Saturday 27 April 2019

May Day by Janie Hampton

'Bringing in branches at Maytime', from 
A Book of Hours by Jean Poyer, 1500

The first of May has been important in our family ever since my grandmother Rachel Gurney was born on that day in 1886. Two years later, her sister Richenda was also born on 1 May. Both survived into their 80s and enjoyed many shared birthday parties.
For over 30 years I have lived in Oxford, where May Morning has been celebrated since mediaeval times with garlands of greenery, dancing and music.
The new growth of Spring has been celebrated in Europe since ancient times: the Romans celebrated Floralia, the Celts observed Beltane, and Germanic peoples had Walpurgisnacht. The early Christian church incorporated the lively pagan traditions involved in  bringing in the May, but by 1250, the Chancellor of Oxford University felt the need to  forbid ‘alike in churches, all dancing in masks or with disorderly noises, and all processions of men wearing wreaths and garlands made of leaves of trees or flowers or what not.’ However Spring is Spring and not easily repressed, so by 1550 in Thame, the churchwardens had again bought fifteen yards of green and yellow fabric and bells to make coats for their Morris dancers. In Abingdon in 1566, the churchwardens‘paid for setting up Robin Hood’s bower, eighteen pence.’ ‘Church ales’, or festivals, were often used as  fund-raising events. The church financed the amusements and sold the ale. Profits then paid for the maintenance of the parish church, and  alms to the poor.
Philip Stubbes’ Anatomie of Abuses (1583) describes how hundreds of people of all ages ran into the woods on May Eve and made merry all night. At dawn they returned with branches of trees, pulled by twenty or forty yoke of oxen, each with a sweet nose-gay of flowers placed on the tip of his horns. ‘Their chiefest jewel they bring home from thence is their Maypole (this stinking idol rather) which is covered all over with flowers and herbs, bound round about with strings, from the top to the bottom, and sometimes painted with variable colours, following it with great devotion. And thus being reared up with handkerchiefs and flags streaming on the top they straw the ground about, bind green boughs about it, set up summer houses, bowers and arbours hard by it. And then fall they to banquet and feast, to leap and dance about it, as the Heathen people did at the dedication of their Idols.’

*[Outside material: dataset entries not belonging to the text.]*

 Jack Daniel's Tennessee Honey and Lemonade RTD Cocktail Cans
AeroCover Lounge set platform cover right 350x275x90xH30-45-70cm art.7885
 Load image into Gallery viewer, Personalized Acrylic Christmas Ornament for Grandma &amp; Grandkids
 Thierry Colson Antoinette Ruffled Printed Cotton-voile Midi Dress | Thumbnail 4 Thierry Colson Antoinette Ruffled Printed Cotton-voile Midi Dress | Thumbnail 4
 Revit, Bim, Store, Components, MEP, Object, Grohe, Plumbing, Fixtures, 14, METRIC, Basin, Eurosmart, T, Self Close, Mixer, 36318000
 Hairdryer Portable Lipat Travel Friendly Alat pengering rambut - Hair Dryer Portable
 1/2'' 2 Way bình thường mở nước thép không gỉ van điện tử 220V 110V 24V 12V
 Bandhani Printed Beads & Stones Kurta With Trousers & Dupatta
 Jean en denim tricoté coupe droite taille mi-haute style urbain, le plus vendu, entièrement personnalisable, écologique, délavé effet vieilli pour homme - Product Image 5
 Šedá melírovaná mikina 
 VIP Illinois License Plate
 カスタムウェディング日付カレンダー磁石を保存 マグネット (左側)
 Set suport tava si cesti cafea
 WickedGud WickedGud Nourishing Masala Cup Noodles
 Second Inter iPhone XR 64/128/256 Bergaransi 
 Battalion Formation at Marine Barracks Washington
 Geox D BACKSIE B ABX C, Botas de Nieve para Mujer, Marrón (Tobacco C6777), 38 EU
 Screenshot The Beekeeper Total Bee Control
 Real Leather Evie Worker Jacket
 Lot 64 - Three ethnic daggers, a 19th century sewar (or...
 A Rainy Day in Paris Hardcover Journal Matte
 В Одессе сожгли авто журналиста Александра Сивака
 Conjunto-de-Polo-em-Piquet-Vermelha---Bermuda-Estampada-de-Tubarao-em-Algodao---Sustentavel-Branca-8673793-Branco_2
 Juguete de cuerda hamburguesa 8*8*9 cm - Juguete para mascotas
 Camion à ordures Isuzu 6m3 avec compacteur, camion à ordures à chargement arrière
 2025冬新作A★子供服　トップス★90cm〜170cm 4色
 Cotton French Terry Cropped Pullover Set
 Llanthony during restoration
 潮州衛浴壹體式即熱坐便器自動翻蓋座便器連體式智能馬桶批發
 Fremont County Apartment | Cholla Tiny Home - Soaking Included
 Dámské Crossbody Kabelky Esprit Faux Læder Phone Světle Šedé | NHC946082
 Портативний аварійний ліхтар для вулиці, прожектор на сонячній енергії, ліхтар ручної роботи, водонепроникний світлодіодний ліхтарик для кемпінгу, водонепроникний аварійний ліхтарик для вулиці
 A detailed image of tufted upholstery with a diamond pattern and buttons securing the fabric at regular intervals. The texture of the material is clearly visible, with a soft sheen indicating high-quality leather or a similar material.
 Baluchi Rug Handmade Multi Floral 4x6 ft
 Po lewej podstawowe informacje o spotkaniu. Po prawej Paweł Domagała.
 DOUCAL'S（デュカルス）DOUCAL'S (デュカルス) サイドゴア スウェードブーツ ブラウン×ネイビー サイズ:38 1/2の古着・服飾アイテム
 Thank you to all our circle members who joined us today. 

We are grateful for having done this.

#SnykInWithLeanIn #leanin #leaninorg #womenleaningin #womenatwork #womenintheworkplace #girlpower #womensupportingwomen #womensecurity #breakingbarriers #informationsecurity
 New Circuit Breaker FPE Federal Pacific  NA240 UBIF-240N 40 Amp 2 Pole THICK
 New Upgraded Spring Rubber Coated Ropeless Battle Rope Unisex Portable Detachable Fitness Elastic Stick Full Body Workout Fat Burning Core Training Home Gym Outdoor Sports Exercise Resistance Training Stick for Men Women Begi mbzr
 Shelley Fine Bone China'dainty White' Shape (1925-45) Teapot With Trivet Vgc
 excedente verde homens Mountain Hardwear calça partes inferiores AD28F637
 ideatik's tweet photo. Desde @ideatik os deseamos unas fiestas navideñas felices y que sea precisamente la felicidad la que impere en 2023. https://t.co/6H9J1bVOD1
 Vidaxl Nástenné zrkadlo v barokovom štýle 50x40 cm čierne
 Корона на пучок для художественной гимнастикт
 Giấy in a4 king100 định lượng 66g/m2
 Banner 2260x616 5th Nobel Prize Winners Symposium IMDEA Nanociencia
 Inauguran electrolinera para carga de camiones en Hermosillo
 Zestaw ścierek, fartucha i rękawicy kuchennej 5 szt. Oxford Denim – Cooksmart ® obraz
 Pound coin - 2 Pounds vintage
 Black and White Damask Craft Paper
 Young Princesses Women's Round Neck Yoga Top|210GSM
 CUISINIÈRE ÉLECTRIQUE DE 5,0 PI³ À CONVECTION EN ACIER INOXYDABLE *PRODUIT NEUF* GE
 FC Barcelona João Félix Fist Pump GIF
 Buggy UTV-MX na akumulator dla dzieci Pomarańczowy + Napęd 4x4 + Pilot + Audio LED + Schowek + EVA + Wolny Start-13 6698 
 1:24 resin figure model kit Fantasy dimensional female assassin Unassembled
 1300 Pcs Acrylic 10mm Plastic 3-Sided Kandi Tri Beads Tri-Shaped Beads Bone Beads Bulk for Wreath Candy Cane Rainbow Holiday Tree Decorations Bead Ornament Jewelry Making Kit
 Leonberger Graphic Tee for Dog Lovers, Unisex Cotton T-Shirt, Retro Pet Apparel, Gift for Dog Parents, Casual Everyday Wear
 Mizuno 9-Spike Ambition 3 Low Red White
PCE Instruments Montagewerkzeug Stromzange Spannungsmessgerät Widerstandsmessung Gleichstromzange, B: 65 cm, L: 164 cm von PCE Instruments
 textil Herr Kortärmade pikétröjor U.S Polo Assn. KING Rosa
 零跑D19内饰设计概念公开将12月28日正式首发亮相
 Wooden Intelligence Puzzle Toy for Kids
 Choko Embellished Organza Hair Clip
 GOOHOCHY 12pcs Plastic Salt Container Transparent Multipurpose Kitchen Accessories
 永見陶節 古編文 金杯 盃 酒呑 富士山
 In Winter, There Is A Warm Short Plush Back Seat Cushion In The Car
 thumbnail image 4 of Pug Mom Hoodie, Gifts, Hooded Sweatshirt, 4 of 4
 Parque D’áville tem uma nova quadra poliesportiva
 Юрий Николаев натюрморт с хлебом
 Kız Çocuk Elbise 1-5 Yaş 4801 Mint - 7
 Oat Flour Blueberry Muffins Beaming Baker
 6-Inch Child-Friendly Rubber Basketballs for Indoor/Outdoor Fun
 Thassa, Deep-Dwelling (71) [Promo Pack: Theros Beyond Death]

File:St. George's Kermis with the Dance around the Maypole by Pieter Brueghel the Younger.jpg
St. George's Kermis with the Dance around the Maypole', 
Pieter Breughel the Younger, 16th century. 
Note the drinking bower on the right  
In 1598 there was a May Day clash between Town and Gown in Oxford when youths, including the mayor's son William Furness, fought the University authorities. Nineteen years later, a group of  young men were found guilty of insulting the Mayor by dressing up on May Day.  William Stevenson an apprentice, Frost the cobbler, Peter Short the cutler, Tilcock the painter and Pigeon the chimney sweep were held in the stocks for two hours the next market day, with paper notices pinned to their hats describing their offences.
King James I was entertained by ‘Suites for morrice dancers all lyke with garters of bells’ on his first Royal Progress to Oxford in 1605. He described Maypoles and Morris dancing as ‘harmless recreation’ in his 1618 Book of Sports.
17th-century woodblock from the ballad sheet 'The May Day Country Mirth'
During Oliver Cromwell’s Protectorate , May revels were shut down everywhere. In Oxford, Anthony Wood reported on May Day in 1648 . ‘ This day the Visitors, Mayor, and the chief officer of the well-affected of the University and City, spent in zealous persecuting of the young people that followed May-Games, by breaking of Garlands, taking away fiddles from Musicians, dispersing Morrice-Dancers, and by not suffering a green bough to be worn in a hat or stuck up at any door, esteeming it a superstition or rather an heathenish custom.’
With the Restoration of the Monarchy in 1660, May Games returned, to widespread public  rejoicing, and Wood reported, ‘the people of Oxon were so violent for Maypoles in opposition to the Puritans that there was numbered 12 Maypoles besides 3 or 4 morrises.’
However, to  Thomas Hall, Flora was a heathen goddess. He wrote in 1660, Funebria florae, the downfall of May-games, that Flora was ‘the whore of the city of Rome, in the county of Babylon’. She attracted a pack of ‘ignorants, atheists, papists, drunkards, swearers, swash-bucklers, maid-marions, morris dancers, maskers, mummers, may-pole stealers, health-drinkers, gamesters, lewd men and light women’.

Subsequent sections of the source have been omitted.